# Work to complete
Nothing but an exact copy is asked for: the lines in the material below from the one with "Smiths x AV86" through the one with "Attractive young couple", pictures excluded.

# Data for review
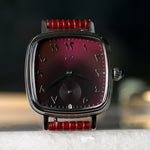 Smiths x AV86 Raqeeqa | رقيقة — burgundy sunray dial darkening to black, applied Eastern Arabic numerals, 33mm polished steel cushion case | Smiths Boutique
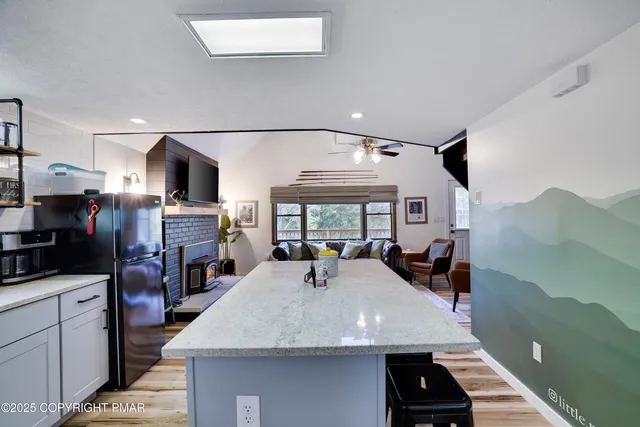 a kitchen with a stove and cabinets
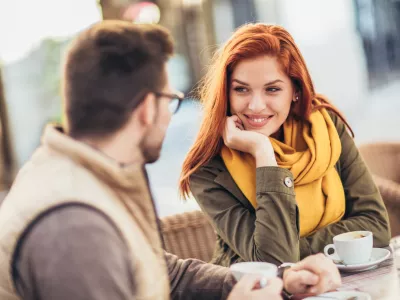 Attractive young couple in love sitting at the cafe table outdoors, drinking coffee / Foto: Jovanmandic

==

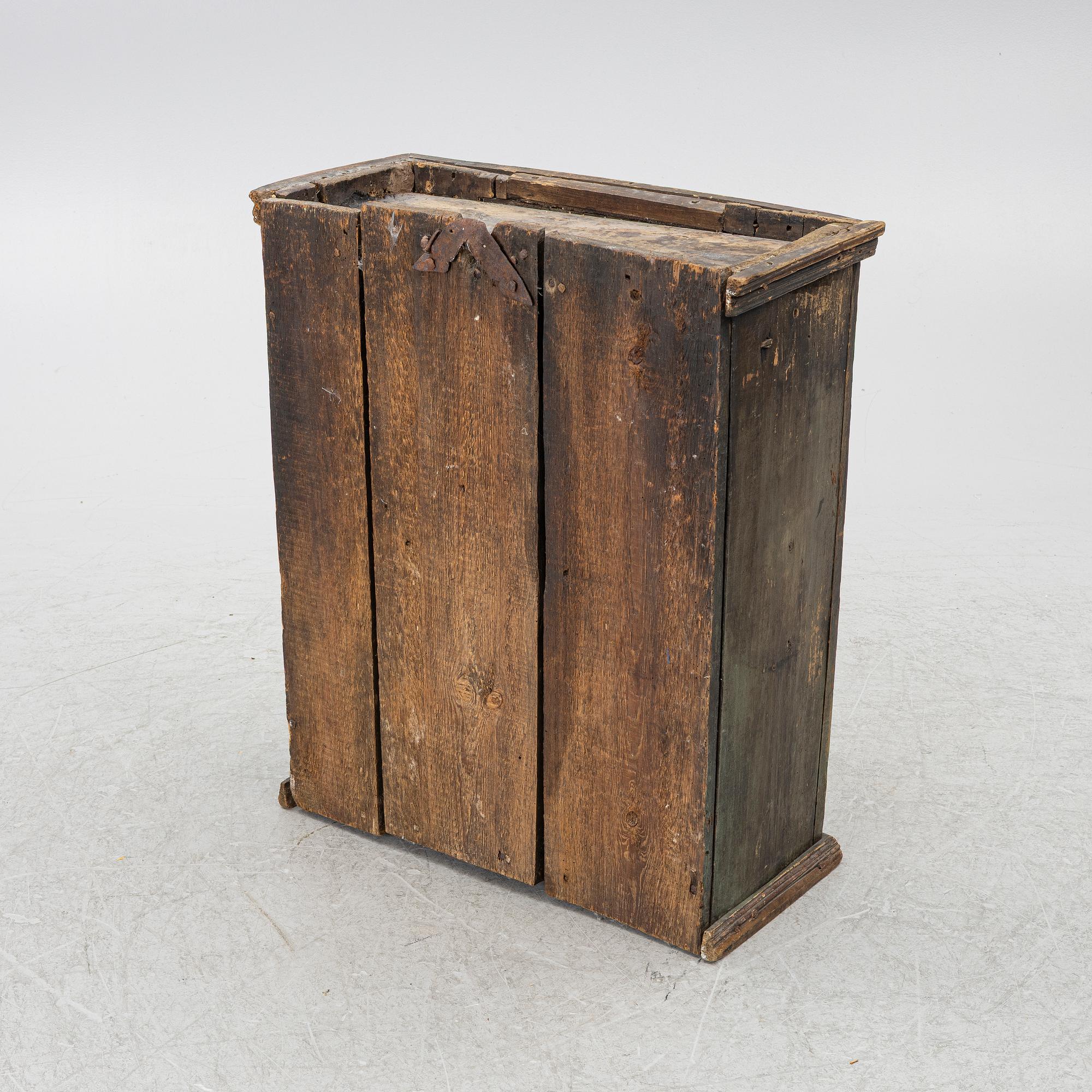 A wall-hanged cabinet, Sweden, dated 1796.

==

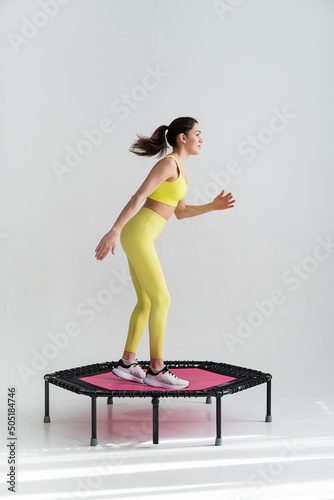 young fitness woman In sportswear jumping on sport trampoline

# Task result
 Smiths x AV86 Raqeeqa | رقيقة — burgundy sunray dial darkening to black, applied Eastern Arabic numerals, 33mm polished steel cushion case | Smiths Boutique
 a kitchen with a stove and cabinets
 Attractive young couple in love sitting at the cafe table outdoors, drinking coffee / Foto: Jovanmandic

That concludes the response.